Copy the records out again in full, keeping them identical.
BEGIN
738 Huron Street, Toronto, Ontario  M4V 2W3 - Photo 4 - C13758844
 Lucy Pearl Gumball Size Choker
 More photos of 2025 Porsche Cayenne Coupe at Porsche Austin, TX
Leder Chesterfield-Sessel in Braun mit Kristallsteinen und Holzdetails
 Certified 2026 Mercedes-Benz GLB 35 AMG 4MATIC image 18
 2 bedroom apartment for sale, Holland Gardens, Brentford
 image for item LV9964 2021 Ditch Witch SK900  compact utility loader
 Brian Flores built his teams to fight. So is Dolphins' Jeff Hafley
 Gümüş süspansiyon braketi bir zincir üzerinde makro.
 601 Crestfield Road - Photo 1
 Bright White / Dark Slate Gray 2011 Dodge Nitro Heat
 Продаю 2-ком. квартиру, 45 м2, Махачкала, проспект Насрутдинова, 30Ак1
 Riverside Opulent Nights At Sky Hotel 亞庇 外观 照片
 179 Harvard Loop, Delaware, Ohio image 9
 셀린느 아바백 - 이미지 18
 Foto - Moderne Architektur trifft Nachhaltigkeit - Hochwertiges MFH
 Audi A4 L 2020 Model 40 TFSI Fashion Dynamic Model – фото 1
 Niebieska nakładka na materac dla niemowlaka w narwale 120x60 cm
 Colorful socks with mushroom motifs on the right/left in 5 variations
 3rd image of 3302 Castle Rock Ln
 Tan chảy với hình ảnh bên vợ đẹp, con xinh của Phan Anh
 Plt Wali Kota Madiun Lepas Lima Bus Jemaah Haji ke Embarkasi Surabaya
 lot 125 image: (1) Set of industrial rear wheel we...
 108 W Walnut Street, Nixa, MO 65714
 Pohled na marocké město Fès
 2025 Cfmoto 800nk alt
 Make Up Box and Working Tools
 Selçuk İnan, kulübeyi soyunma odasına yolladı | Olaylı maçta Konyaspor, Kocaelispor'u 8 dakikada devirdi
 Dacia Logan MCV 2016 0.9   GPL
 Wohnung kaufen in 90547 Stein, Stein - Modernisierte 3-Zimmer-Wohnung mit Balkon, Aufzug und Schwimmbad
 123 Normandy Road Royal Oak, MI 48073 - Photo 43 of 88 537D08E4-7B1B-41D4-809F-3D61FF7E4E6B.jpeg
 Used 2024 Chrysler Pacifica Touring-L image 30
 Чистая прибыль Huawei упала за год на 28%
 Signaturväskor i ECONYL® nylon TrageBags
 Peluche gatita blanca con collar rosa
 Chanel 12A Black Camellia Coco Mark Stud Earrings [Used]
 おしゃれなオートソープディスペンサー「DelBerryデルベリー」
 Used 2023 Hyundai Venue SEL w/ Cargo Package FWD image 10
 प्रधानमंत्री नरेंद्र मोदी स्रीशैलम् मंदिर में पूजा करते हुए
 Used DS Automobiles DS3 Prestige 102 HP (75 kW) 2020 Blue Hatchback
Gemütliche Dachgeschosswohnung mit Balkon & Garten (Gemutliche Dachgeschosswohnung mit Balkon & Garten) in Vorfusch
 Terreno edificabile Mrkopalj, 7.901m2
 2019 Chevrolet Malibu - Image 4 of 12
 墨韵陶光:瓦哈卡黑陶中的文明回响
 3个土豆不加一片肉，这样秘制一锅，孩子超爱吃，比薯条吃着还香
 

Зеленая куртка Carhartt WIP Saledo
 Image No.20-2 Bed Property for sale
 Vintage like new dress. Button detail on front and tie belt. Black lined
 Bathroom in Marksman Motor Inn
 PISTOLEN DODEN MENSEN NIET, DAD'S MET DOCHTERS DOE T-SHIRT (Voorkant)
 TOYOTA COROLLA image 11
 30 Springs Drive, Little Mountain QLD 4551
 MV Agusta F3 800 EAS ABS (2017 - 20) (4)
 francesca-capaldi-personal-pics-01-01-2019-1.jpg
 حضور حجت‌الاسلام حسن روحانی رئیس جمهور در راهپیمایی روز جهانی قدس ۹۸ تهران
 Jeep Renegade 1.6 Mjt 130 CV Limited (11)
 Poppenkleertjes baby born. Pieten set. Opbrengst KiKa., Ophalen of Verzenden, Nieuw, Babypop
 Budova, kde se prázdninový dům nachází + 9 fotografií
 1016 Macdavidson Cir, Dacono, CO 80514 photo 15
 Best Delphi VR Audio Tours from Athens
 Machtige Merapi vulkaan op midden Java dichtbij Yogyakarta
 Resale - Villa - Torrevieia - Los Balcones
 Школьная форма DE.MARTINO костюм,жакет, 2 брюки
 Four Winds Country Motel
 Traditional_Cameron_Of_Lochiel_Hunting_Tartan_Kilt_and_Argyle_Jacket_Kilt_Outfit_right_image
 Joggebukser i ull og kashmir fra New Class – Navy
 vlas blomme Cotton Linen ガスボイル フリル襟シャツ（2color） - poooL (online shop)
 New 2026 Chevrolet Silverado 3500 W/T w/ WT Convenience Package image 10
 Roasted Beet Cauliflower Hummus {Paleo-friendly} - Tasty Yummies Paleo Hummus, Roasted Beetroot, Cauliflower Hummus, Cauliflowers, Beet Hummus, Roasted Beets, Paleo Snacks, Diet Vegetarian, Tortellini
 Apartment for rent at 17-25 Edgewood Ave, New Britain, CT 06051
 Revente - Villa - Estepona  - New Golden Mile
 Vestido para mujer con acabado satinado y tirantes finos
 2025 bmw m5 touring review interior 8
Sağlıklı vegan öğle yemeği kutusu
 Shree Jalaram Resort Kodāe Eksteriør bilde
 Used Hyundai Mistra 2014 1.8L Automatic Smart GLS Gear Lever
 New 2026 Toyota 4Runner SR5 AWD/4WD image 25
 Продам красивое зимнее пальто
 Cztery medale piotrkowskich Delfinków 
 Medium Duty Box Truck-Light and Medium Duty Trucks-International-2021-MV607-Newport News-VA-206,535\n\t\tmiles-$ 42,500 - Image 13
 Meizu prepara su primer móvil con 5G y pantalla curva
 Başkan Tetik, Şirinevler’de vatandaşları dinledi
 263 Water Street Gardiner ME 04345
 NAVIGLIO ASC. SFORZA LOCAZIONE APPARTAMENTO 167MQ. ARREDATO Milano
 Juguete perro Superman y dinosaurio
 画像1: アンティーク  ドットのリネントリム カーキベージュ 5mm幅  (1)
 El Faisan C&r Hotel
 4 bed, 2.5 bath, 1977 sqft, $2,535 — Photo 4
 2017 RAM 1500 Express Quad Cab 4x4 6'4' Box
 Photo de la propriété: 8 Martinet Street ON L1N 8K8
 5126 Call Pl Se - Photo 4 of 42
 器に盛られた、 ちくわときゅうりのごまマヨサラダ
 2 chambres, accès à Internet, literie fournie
END
> _Reply to the task_:
738 Huron Street, Toronto, Ontario  M4V 2W3 - Photo 4 - C13758844
 Lucy Pearl Gumball Size Choker
 More photos of 2025 Porsche Cayenne Coupe at Porsche Austin, TX
Leder Chesterfield-Sessel in Braun mit Kristallsteinen und Holzdetails
 Certified 2026 Mercedes-Benz GLB 35 AMG 4MATIC image 18
 2 bedroom apartment for sale, Holland Gardens, Brentford
 image for item LV9964 2021 Ditch Witch SK900  compact utility loader
 Brian Flores built his teams to fight. So is Dolphins' Jeff Hafley
 Gümüş süspansiyon braketi bir zincir üzerinde makro.
 601 Crestfield Road - Photo 1
 Bright White / Dark Slate Gray 2011 Dodge Nitro Heat
 Продаю 2-ком. квартиру, 45 м2, Махачкала, проспект Насрутдинова, 30Ак1
 Riverside Opulent Nights At Sky Hotel 亞庇 外观 照片
 179 Harvard Loop, Delaware, Ohio image 9
 셀린느 아바백 - 이미지 18
 Foto - Moderne Architektur trifft Nachhaltigkeit - Hochwertiges MFH
 Audi A4 L 2020 Model 40 TFSI Fashion Dynamic Model – фото 1
 Niebieska nakładka na materac dla niemowlaka w narwale 120x60 cm
 Colorful socks with mushroom motifs on the right/left in 5 variations
 3rd image of 3302 Castle Rock Ln
 Tan chảy với hình ảnh bên vợ đẹp, con xinh của Phan Anh
 Plt Wali Kota Madiun Lepas Lima Bus Jemaah Haji ke Embarkasi Surabaya
 lot 125 image: (1) Set of industrial rear wheel we...
 108 W Walnut Street, Nixa, MO 65714
 Pohled na marocké město Fès
 2025 Cfmoto 800nk alt
 Make Up Box and Working Tools
 Selçuk İnan, kulübeyi soyunma odasına yolladı | Olaylı maçta Konyaspor, Kocaelispor'u 8 dakikada devirdi
 Dacia Logan MCV 2016 0.9   GPL
 Wohnung kaufen in 90547 Stein, Stein - Modernisierte 3-Zimmer-Wohnung mit Balkon, Aufzug und Schwimmbad
 123 Normandy Road Royal Oak, MI 48073 - Photo 43 of 88 537D08E4-7B1B-41D4-809F-3D61FF7E4E6B.jpeg
 Used 2024 Chrysler Pacifica Touring-L image 30
 Чистая прибыль Huawei упала за год на 28%
 Signaturväskor i ECONYL® nylon TrageBags
 Peluche gatita blanca con collar rosa
 Chanel 12A Black Camellia Coco Mark Stud Earrings [Used]
 おしゃれなオートソープディスペンサー「DelBerryデルベリー」
 Used 2023 Hyundai Venue SEL w/ Cargo Package FWD image 10
 प्रधानमंत्री नरेंद्र मोदी स्रीशैलम् मंदिर में पूजा करते हुए
 Used DS Automobiles DS3 Prestige 102 HP (75 kW) 2020 Blue Hatchback
Gemütliche Dachgeschosswohnung mit Balkon & Garten (Gemutliche Dachgeschosswohnung mit Balkon & Garten) in Vorfusch
 Terreno edificabile Mrkopalj, 7.901m2
 2019 Chevrolet Malibu - Image 4 of 12
 墨韵陶光:瓦哈卡黑陶中的文明回响
 3个土豆不加一片肉，这样秘制一锅，孩子超爱吃，比薯条吃着还香
 

Зеленая куртка Carhartt WIP Saledo
 Image No.20-2 Bed Property for sale
 Vintage like new dress. Button detail on front and tie belt. Black lined
 Bathroom in Marksman Motor Inn
 PISTOLEN DODEN MENSEN NIET, DAD'S MET DOCHTERS DOE T-SHIRT (Voorkant)
 TOYOTA COROLLA image 11
 30 Springs Drive, Little Mountain QLD 4551
 MV Agusta F3 800 EAS ABS (2017 - 20) (4)
 francesca-capaldi-personal-pics-01-01-2019-1.jpg
 حضور حجت‌الاسلام حسن روحانی رئیس جمهور در راهپیمایی روز جهانی قدس ۹۸ تهران
 Jeep Renegade 1.6 Mjt 130 CV Limited (11)
 Poppenkleertjes baby born. Pieten set. Opbrengst KiKa., Ophalen of Verzenden, Nieuw, Babypop
 Budova, kde se prázdninový dům nachází + 9 fotografií
 1016 Macdavidson Cir, Dacono, CO 80514 photo 15
 Best Delphi VR Audio Tours from Athens
 Machtige Merapi vulkaan op midden Java dichtbij Yogyakarta
 Resale - Villa - Torrevieia - Los Balcones
 Школьная форма DE.MARTINO костюм,жакет, 2 брюки
 Four Winds Country Motel
 Traditional_Cameron_Of_Lochiel_Hunting_Tartan_Kilt_and_Argyle_Jacket_Kilt_Outfit_right_image
 Joggebukser i ull og kashmir fra New Class – Navy
 vlas blomme Cotton Linen ガスボイル フリル襟シャツ（2color） - poooL (online shop)
 New 2026 Chevrolet Silverado 3500 W/T w/ WT Convenience Package image 10
 Roasted Beet Cauliflower Hummus {Paleo-friendly} - Tasty Yummies Paleo Hummus, Roasted Beetroot, Cauliflower Hummus, Cauliflowers, Beet Hummus, Roasted Beets, Paleo Snacks, Diet Vegetarian, Tortellini
 Apartment for rent at 17-25 Edgewood Ave, New Britain, CT 06051
 Revente - Villa - Estepona  - New Golden Mile
 Vestido para mujer con acabado satinado y tirantes finos
 2025 bmw m5 touring review interior 8
Sağlıklı vegan öğle yemeği kutusu
 Shree Jalaram Resort Kodāe Eksteriør bilde
 Used Hyundai Mistra 2014 1.8L Automatic Smart GLS Gear Lever
 New 2026 Toyota 4Runner SR5 AWD/4WD image 25
 Продам красивое зимнее пальто
 Cztery medale piotrkowskich Delfinków 
 Medium Duty Box Truck-Light and Medium Duty Trucks-International-2021-MV607-Newport News-VA-206,535\n\t\tmiles-$ 42,500 - Image 13
 Meizu prepara su primer móvil con 5G y pantalla curva
 Başkan Tetik, Şirinevler’de vatandaşları dinledi
 263 Water Street Gardiner ME 04345
 NAVIGLIO ASC. SFORZA LOCAZIONE APPARTAMENTO 167MQ. ARREDATO Milano
 Juguete perro Superman y dinosaurio
 画像1: アンティーク  ドットのリネントリム カーキベージュ 5mm幅  (1)
 El Faisan C&r Hotel
 4 bed, 2.5 bath, 1977 sqft, $2,535 — Photo 4
 2017 RAM 1500 Express Quad Cab 4x4 6'4' Box
 Photo de la propriété: 8 Martinet Street ON L1N 8K8
 5126 Call Pl Se - Photo 4 of 42
 器に盛られた、 ちくわときゅうりのごまマヨサラダ
 2 chambres, accès à Internet, literie fournie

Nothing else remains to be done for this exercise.